# TCAC 'Artificial Only' Tournament



## propdinger (May 27, 2004)

Come one come all. The Texas City Anglers Club is having an 'Artificial Only' fishing tournament January 13, 2007 open to the public. Let's all enjoy a day of fishing.
Below are the particulars:


*Date*: January 13, 2007
*Place*: Fat Boys
*Time*: 5:30am to 4pm, weigh-in at 4pm (must be in line at 4pm to weigh-in)
*Entry Fee*: $50 per person

All Entries must be received before starting time.
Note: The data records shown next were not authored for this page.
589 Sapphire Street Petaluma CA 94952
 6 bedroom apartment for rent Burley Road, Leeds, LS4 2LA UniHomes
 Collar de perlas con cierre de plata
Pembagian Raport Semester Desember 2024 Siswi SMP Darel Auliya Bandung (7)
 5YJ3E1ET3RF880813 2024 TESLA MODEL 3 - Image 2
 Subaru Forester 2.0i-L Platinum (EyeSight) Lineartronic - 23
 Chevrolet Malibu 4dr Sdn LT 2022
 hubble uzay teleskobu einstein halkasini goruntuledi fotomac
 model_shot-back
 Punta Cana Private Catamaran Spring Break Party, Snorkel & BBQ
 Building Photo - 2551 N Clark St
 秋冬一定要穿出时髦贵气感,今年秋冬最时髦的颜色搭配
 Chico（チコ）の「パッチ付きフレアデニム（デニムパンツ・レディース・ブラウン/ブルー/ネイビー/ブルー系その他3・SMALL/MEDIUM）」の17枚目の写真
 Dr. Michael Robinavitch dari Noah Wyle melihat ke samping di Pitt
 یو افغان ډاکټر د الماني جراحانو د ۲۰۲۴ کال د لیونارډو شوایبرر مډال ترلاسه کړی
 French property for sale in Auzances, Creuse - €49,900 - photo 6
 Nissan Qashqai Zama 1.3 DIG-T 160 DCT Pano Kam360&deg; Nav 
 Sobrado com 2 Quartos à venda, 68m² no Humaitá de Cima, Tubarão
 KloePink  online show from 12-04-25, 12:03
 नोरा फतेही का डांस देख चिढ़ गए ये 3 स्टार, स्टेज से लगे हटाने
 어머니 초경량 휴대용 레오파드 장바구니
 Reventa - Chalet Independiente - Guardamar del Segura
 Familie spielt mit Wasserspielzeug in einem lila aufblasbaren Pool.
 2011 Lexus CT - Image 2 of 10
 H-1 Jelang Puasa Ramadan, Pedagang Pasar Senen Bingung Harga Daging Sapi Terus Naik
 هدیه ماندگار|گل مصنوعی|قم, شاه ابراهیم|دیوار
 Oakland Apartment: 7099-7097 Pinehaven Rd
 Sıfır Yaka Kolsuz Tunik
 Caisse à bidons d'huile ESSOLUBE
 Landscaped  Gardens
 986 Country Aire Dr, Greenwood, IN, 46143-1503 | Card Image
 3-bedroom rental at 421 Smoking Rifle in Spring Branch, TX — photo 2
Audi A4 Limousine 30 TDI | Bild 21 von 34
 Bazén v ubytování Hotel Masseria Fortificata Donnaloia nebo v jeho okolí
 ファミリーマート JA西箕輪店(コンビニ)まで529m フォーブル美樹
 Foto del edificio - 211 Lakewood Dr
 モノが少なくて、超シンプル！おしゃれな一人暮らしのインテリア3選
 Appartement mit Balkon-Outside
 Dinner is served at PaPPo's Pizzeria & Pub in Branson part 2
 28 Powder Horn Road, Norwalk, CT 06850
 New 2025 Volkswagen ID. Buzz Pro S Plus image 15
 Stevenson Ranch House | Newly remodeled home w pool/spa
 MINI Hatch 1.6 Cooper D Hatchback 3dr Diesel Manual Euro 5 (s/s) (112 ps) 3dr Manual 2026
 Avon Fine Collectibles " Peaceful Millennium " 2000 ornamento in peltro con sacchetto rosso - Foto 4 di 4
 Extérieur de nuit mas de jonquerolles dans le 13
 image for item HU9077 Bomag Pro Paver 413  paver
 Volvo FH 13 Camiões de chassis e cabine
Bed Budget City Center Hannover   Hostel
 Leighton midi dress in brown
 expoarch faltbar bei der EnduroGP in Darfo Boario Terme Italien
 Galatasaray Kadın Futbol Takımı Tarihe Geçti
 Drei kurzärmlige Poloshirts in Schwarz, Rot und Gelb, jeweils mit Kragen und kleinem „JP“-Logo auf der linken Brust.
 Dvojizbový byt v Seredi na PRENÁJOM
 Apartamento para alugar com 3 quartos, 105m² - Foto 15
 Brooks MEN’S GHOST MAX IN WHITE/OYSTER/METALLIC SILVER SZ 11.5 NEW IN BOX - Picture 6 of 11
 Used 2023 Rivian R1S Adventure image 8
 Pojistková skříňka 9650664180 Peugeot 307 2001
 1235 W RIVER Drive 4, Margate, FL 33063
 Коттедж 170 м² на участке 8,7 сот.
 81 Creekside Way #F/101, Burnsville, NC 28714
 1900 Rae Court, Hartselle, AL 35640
Contact Tim @713-301-2833


Rod and Reel only
Artificial Only
TPWD rules apply
_100% Payout_: 1st Place - 50%, 2nd Place - 30%, 3rd Place - 20%. *Heavy Stringer only*


Heavy Stringer may consist of a combination of the following:
Speckled Sea Trout: TP&W limit of 10
Redfish: TP&W limit of 3 slot (20" to 28") Redfish; no Bull Reds allowed.
Flounder: TP&W limit of 10


----------



## EchoDuck Jr. (Jul 16, 2004)

Are we able to pay the day of the tournament prior to start time?


----------



## propdinger (May 27, 2004)

*Payment*

Yes sir. Payment can be made right up till starting time, on the boat ramp even.


----------



## propdinger (May 27, 2004)

*Answers to some questions*

We've had a question or two regarding payment options, I hope I can answer them to everyones satisfaction. We talked the subject through and decided in order to work with everyone and ensure there is no isue at weigh in with the prize money, that we would have to have a cut off time for payment forms outside of cash. So with that said:

Payment for registration will need to be received by Wednesday January 10, 2007.
Cash Payments for registration will also be accepted the morning of the tournament until starting time, 5:30 am.
There will be no postponement of the tournament. 
 Disclaimer: All persons fishing the tournament will be responsible for their own actions and the results of those actions. The Texas City Anglers Club is not responsible for nor will it be held liable for any damages to person or personal property during this event. You enter at your own risk.


----------



## propdinger (May 27, 2004)

*Where to send Payment?*

Oh and one more important thing. Payments can be sent to Texas City Anglers Club, PO BOX 721, Houston Texas 77563 or you can contact and get with Tim with the above phone number.


----------



## layguna (Jul 1, 2004)

Can you leave from any ramp? Or does it start from Fat Boys?


----------



## wahoo (Jun 2, 2004)

Is this an individual or team deal as far as weigh-in? If you have two people on the boat can you pool fish? 
Can you leave from another launch and weigh in by car?


----------



## jlandry (Oct 30, 2006)

*Fyi*

You Can Leave Out Of Any Ramp,at 5:30 Am Honor System, It Is An Individual Tourn. Responsible For Keeping Your Fish Seperate From Your Partners Cannot Pool Fish Honor System,trout, Flounder ,redfish Limiits Per Person Only Can Be Weighed In,be In Weigh-in Line By 4:00 P.m. That Day (no Late Show Ups Excepted)
Checks Need To Be Recieved By Wednesday Of Neet Week. Cash Payments Only Will Be Taken In After That Date.we Would Like For Everybody To Lauch At Fat Boys If Possible. But We Know Some Of You Fish Elsewhere In The Bay System. Must Be Paid In Full Before 5:30 Am
Saturday Of The Tourn. Start Time


----------



## propdinger (May 27, 2004)

*Thanks Mr. Landry*

Been having computer problems lately, Thanks for the help.


----------